▶ [REQUIRED ACTION]: Restate, word for word and with no pictures, the stretch of lines in the data below that begins at the line with "If there's persistent" and ends at the line with "Welcome to this", inclusive.

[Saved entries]
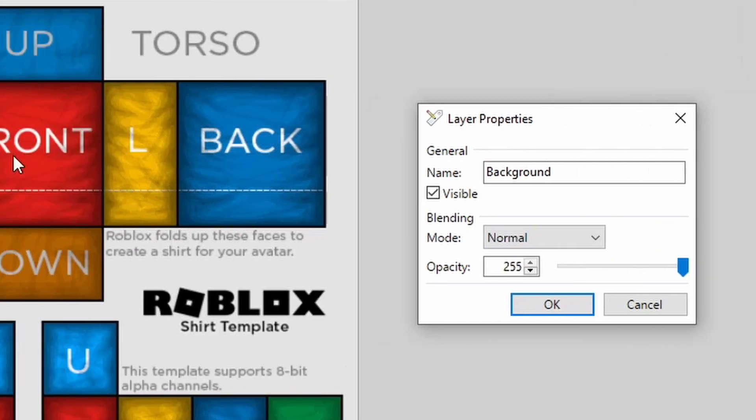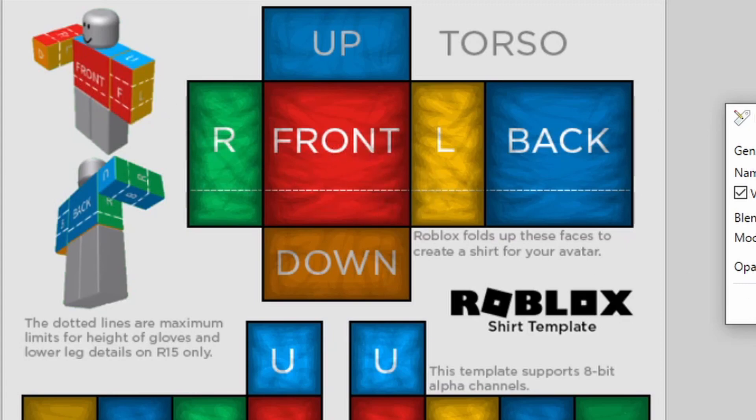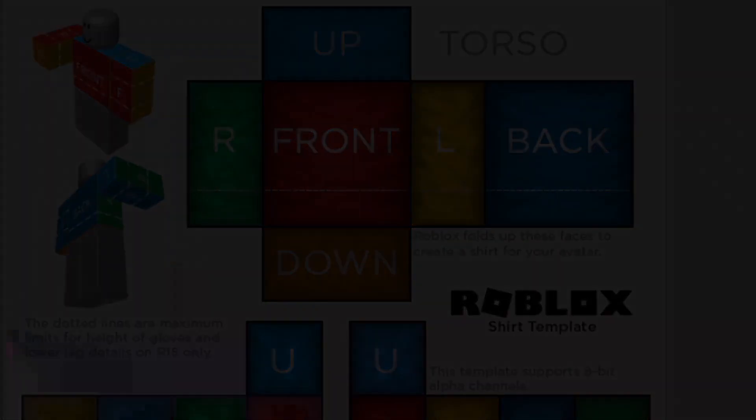You see these words like R, front, down, up, back, L? That's going to show up on your avatar obviously because this is just there to indicate where things are. Okay, so what I'm going to do is I'm just going to color in these areas really quickly just to show you guys.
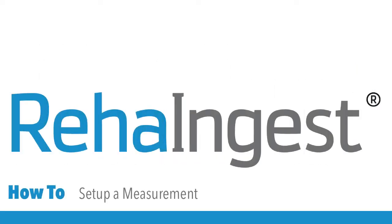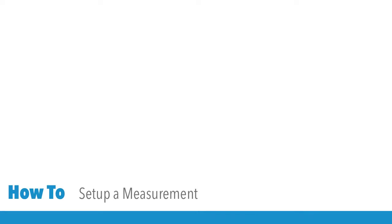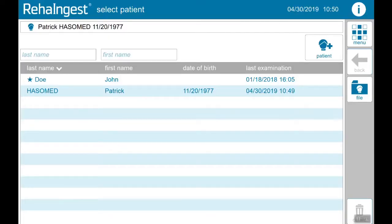Welcome! In this video you will learn how to set up a measurement and how to record and save it.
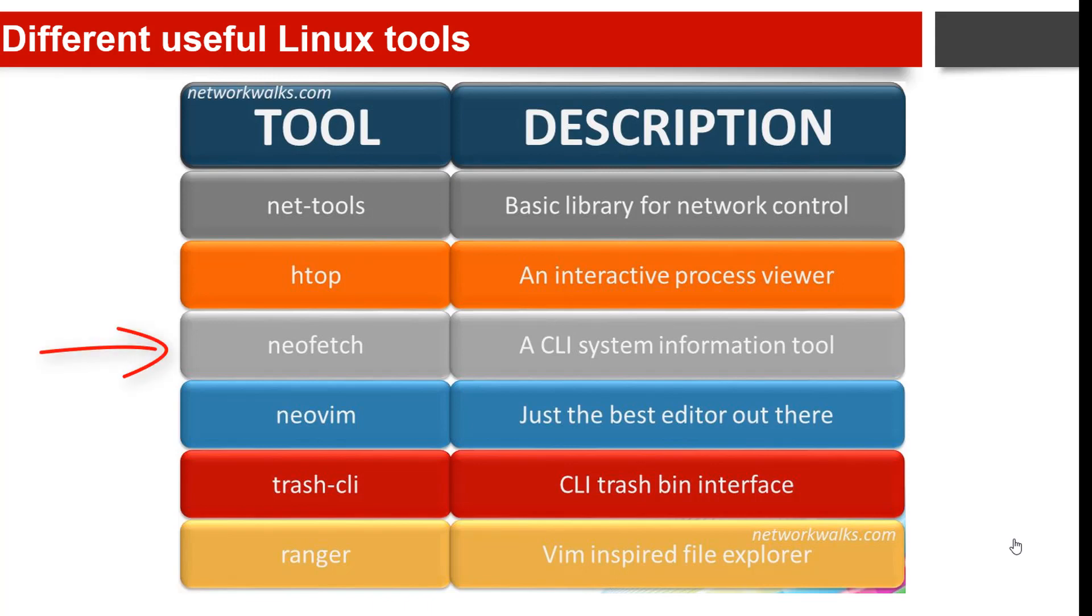The third is neofetch. It is a CLI system information tool - a super convenient command line utility used to fetch system information within a few seconds. It is written in bash-style scripting language and displays information about your operating system logo and about your system next to an image.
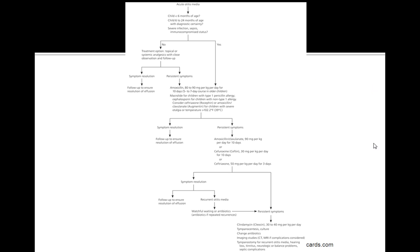If there's persistent symptoms still, then you want to go with amoxicillin and clavulanate acid. And again if that doesn't work you can try cefdinir.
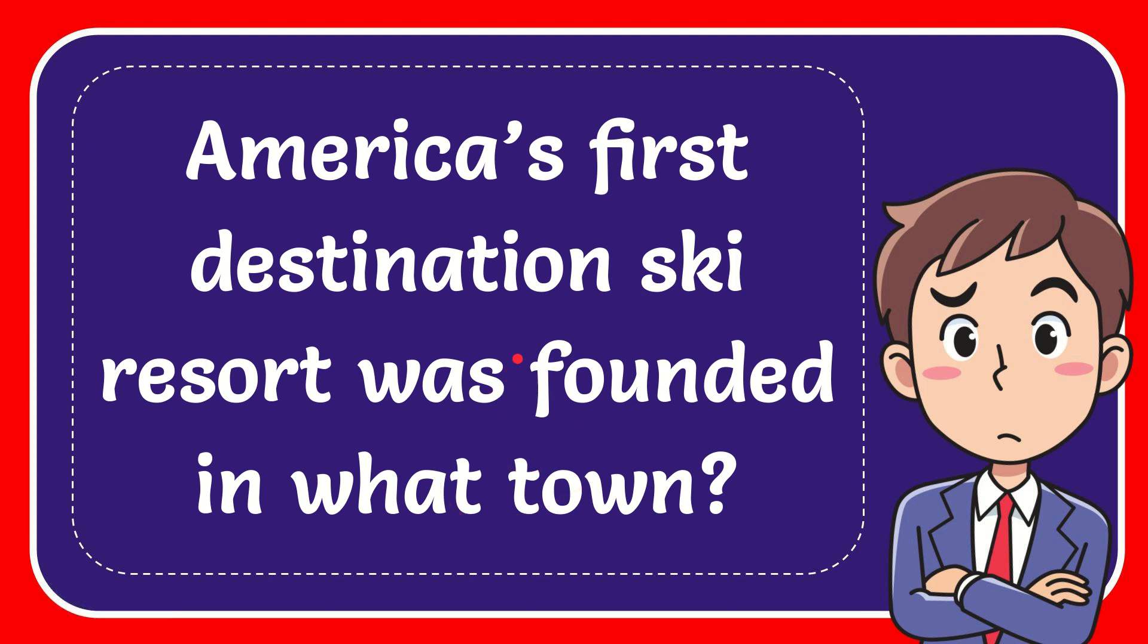In this video I'm going to give you the answer to this question. The question is America's first destination ski resort was founded in what town?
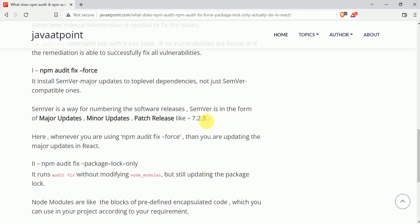Like we have a software of version 7.2.3, then 7 is the major update, 2 is the minor update, and 3 is the patch release. So basically npm audit fix --force command just updates the top-level dependency, this major update.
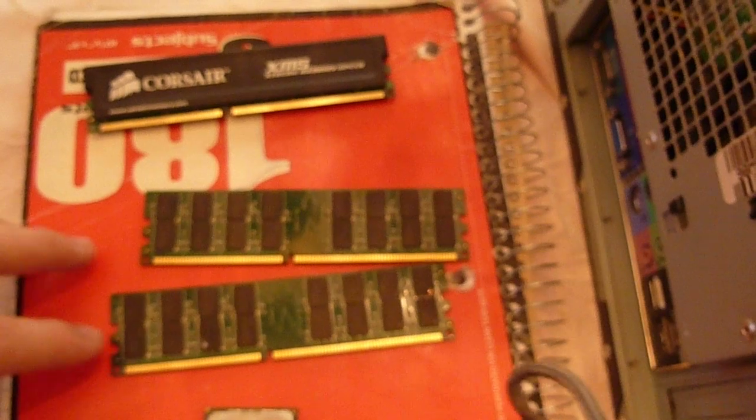So I was going to upgrade it to this not very specific generic RAM that's also DDR but it's 2 gigabytes.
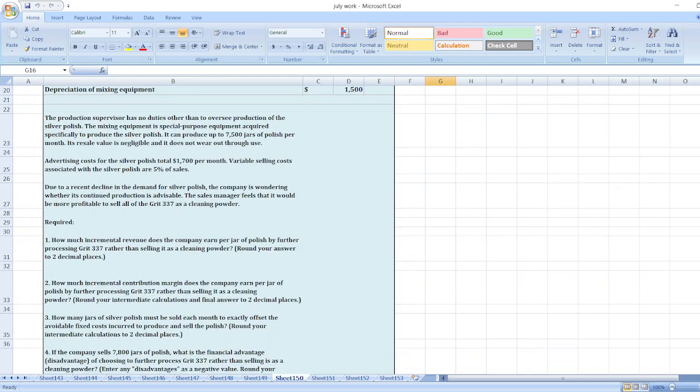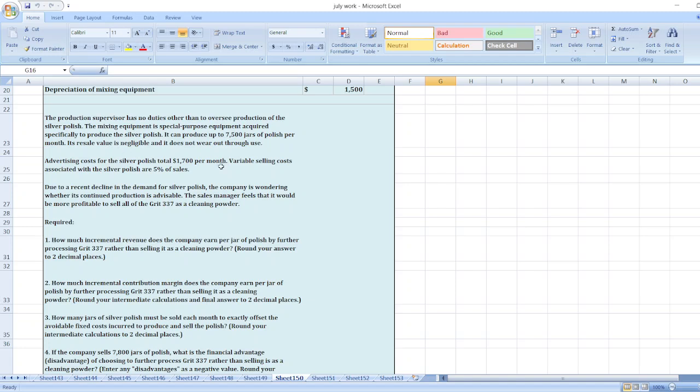The production supervisor has no duties other than to oversee production of silver polish. The mixing equipment is special purpose equipment required specifically to produce the silver polish.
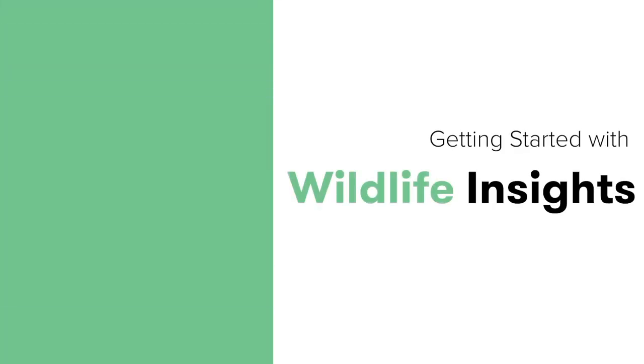Welcome to the Wildlife Insights Tutorials. In this video, I'll teach you how to upload your un-catalogged images to Wildlife Insights. Let's get started!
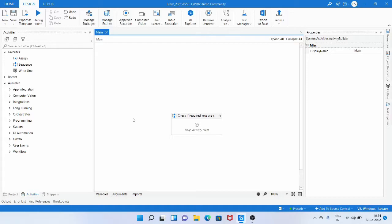Hello all, I am Prasad and welcome to Automation Insights. Today we are going to see how to check if required keys are present in the dictionary variable or not using LINQ method. Also, we are going to get the missing keys from the dictionary and print them in a log message, so we can use it to send an email with the missing keys or view them in the orchestrator.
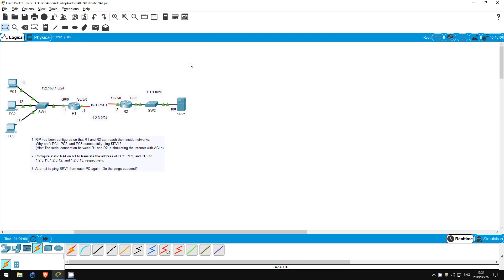Welcome to this free CCNA packet tracer practice lab. You can download the lab file from the link in the description. If you like these labs, please consider supporting me via my Patreon or the cryptocurrency options in the description.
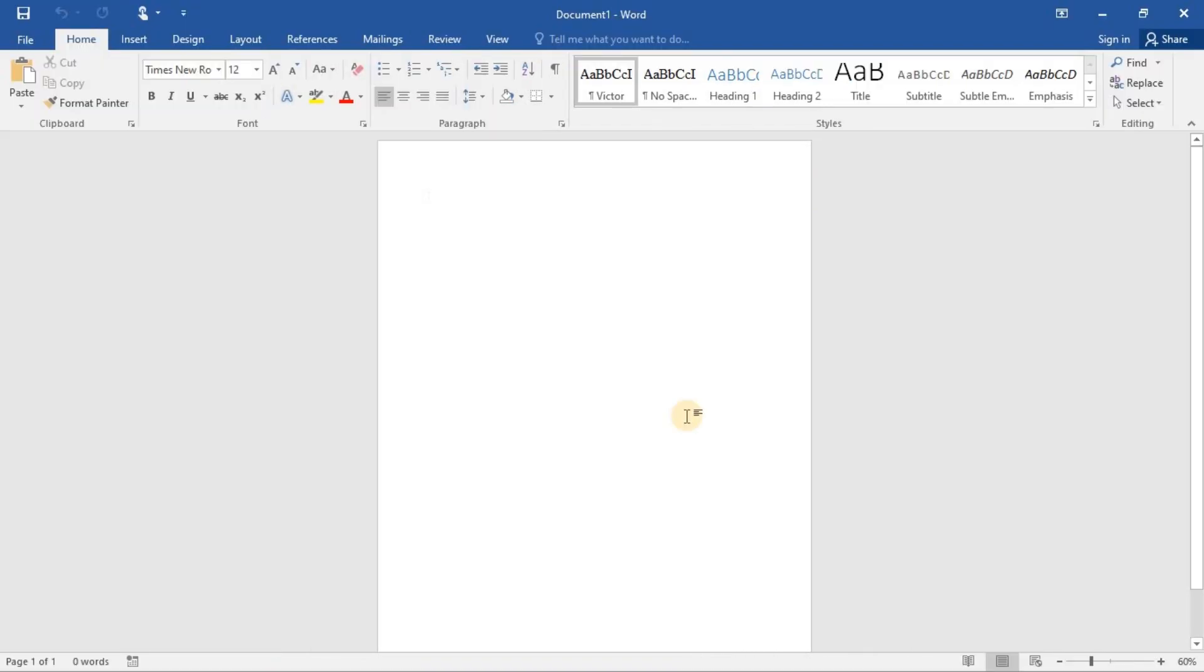That's how you can easily fix this copy of Microsoft Office is not activated. I hope this was useful and if it was, please leave a like and subscribe to the channel. Thank you guys for watching and I hope to see you in the next one.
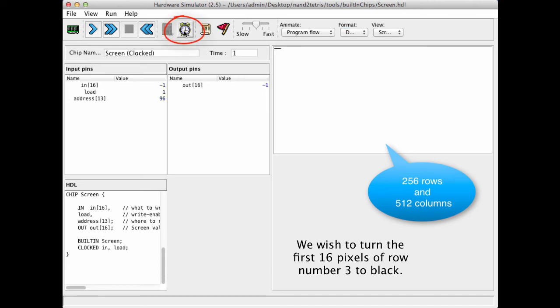We see that once we run it, we get two things happen. First of all, the memory now contains this value in address number 96. But also, we have the side effect of seeing 16 black pixels at the beginning of row number 3 in the physical screen.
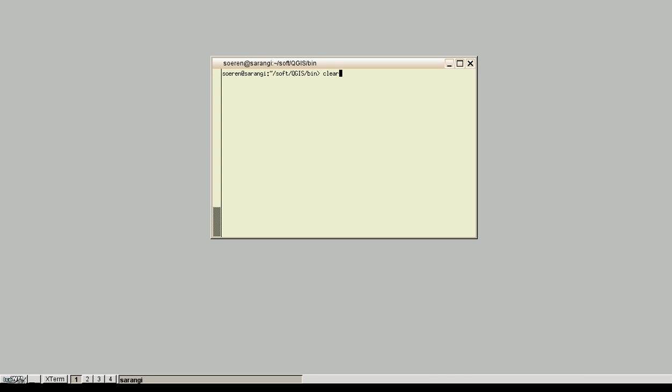Hi, my name is Søren Gewert and I would like to show you the latest development in web processing services with GIS-GRASS and QGIS.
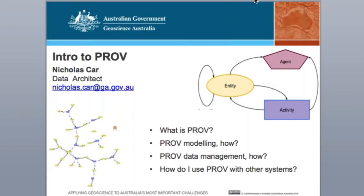Then I'll talk very briefly about how you do some modelling according to PROV, then how you can manage data once recorded in PROV, and then how you actually use PROV with other systems, such as other domain-specific metadata initiatives.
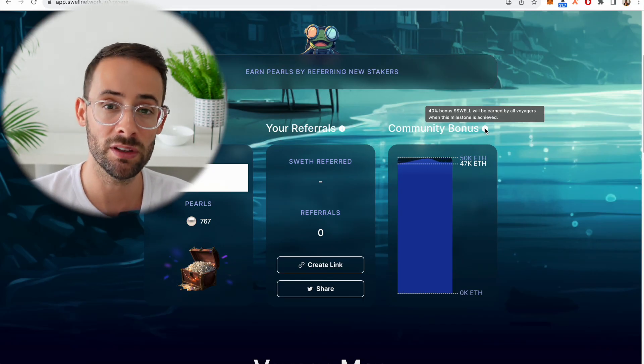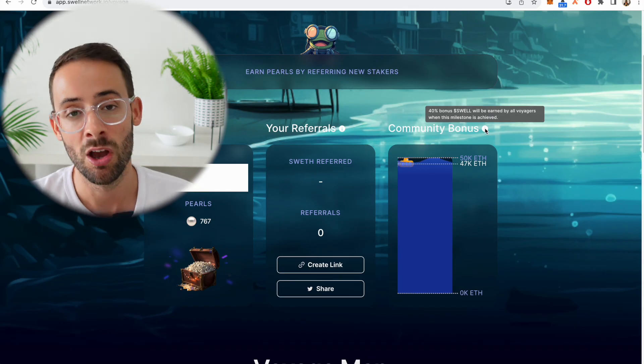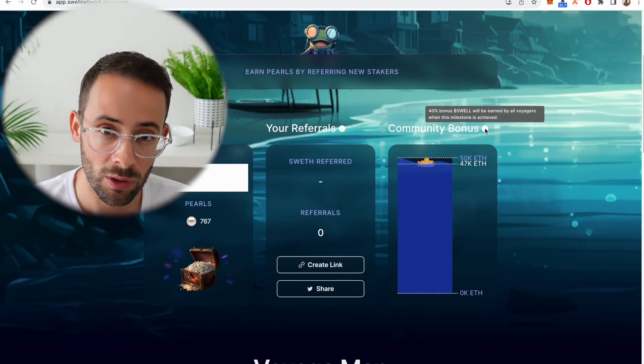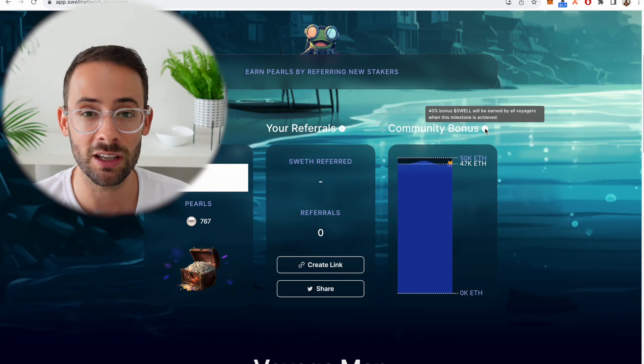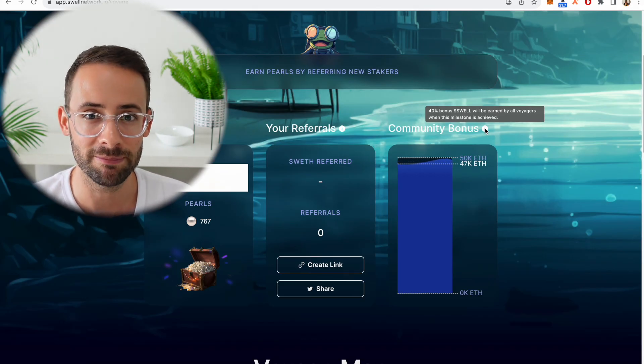Hopefully you found this video useful. Again, take a risk managed approach to your ETH staking and have yourself a great day.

▶ [FINISHED TASK]:
If there's persistent symptoms still, then you want to go with amoxicillin and clavulanate acid. And again if that doesn't work you can try cefdinir.
In this video I'm going to give you the answer to this question. The question is America's first destination ski resort was founded in what town?
Like we have a software of version 7.2.3, then 7 is the major update, 2 is the minor update, and 3 is the patch release. So basically npm audit fix --force command just updates the top-level dependency, this major update.
So I was going to upgrade it to this not very specific generic RAM that's also DDR but it's 2 gigabytes.
The production supervisor has no duties other than to oversee production of silver polish. The mixing equipment is special purpose equipment required specifically to produce the silver polish.
Welcome to the Wildlife Insights Tutorials. In this video, I'll teach you how to upload your un-catalogged images to Wildlife Insights. Let's get started!
Hello all, I am Prasad and welcome to Automation Insights. Today we are going to see how to check if required keys are present in the dictionary variable or not using LINQ method. Also, we are going to get the missing keys from the dictionary and print them in a log message, so we can use it to send an email with the missing keys or view them in the orchestrator.
Welcome to this free CCNA packet tracer practice lab. You can download the lab file from the link in the description. If you like these labs, please consider supporting me via my Patreon or the cryptocurrency options in the description.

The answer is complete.